When she’s not in the midst of making a run at a $12.1 million first-place prize, Alcorn operates the Poker Life Dealer Academy. Utilizing her own experiences, Alcorn runs classes – predominantly in her home state of Missouri – that allows dealers to do what Alcorn has and work their way up the ranks at the WSOP and at events worldwide.
“That’s kind of one of my bonuses for my students,” said Alcorn. “They actually know that I’ve been up there on TV, and I can teach them how to get to that spot, which, honestly, for most dealers that’s where they want to be.”
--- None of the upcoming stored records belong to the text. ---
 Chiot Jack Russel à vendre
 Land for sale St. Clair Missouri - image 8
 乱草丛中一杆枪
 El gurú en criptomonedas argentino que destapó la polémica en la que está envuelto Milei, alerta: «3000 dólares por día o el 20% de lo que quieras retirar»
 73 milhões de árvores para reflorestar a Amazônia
Right now, where Alcorn wants to be is right where she is – in the mix in the WSOP Main Event with less than 1,000 players remaining. Her stack at the start of the day was 518,000, but by the end of the first level it had slipped after a call with top pair and a straight draw went sideways.
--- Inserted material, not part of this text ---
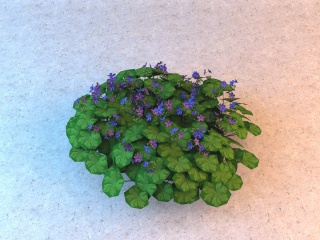小朵紫色花卉C4D模型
“It’s a great thing because I’m running very bad so far on Day 4,” said Alcorn. “I don’t know if you looked at my stack, but I’ve already lost almost all of it. I just ran into a horrible river suckout against a guy trying to bluff, and he made a straight on the river. I’m down to 200K, and I haven’t been that low in days.”
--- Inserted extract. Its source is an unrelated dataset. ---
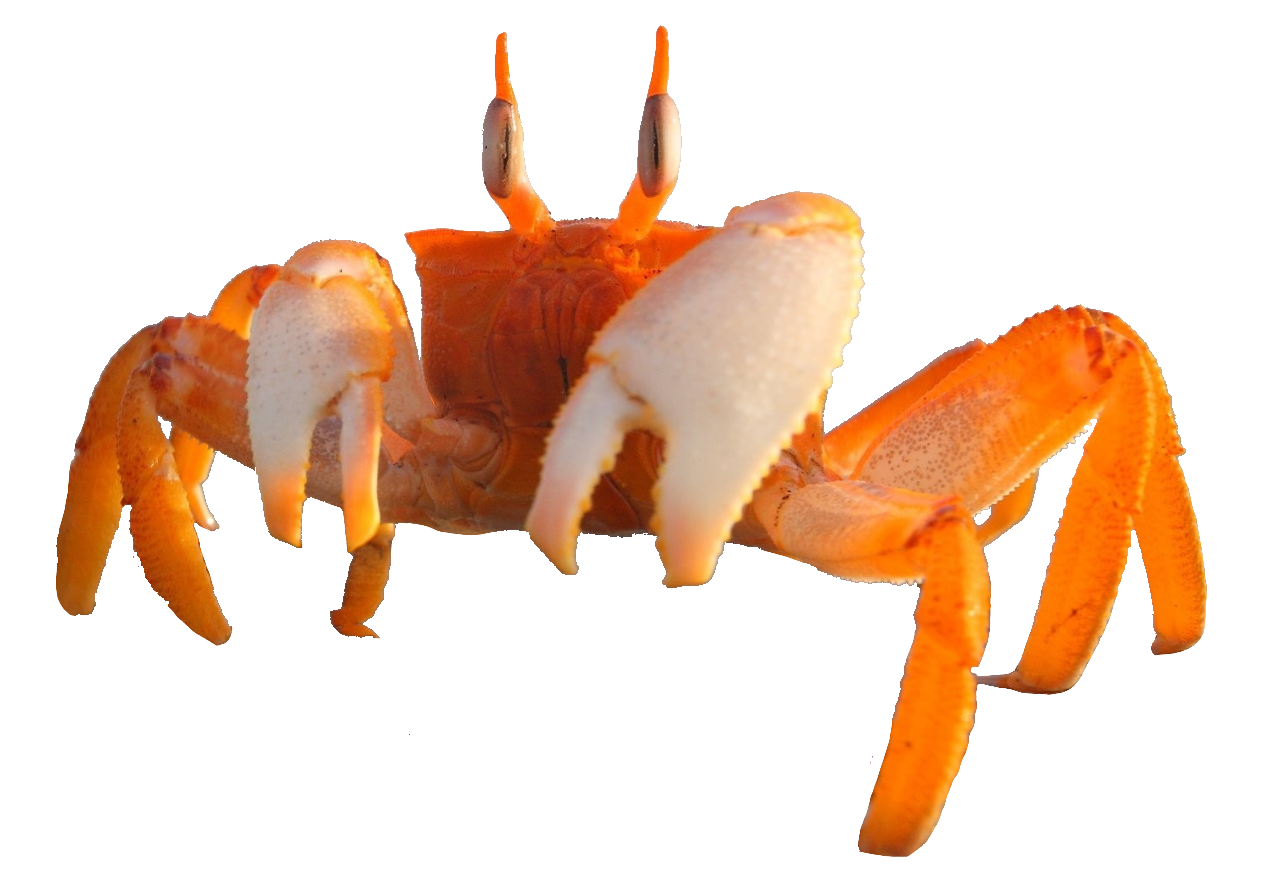 Crab105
Still, having been a part of many WSOP Main Events has given Alcorn the patience to know she has time to pick her spot and rebuild. If the first three days of her run are any indication, a hot run of cards could be right around the corner.
“I have had very few good hands, and I am still deep in the Main Event,” said Alcorn. “That’s really hard to do in any other tournament. I literally haven’t had the nuts one time. I’ve had several good hands, and some better hands. But I’ve literally never had the nuts. I’ve never been comfortable betting or shoving or anything like that, and I can still have a good stack in the Main Event.”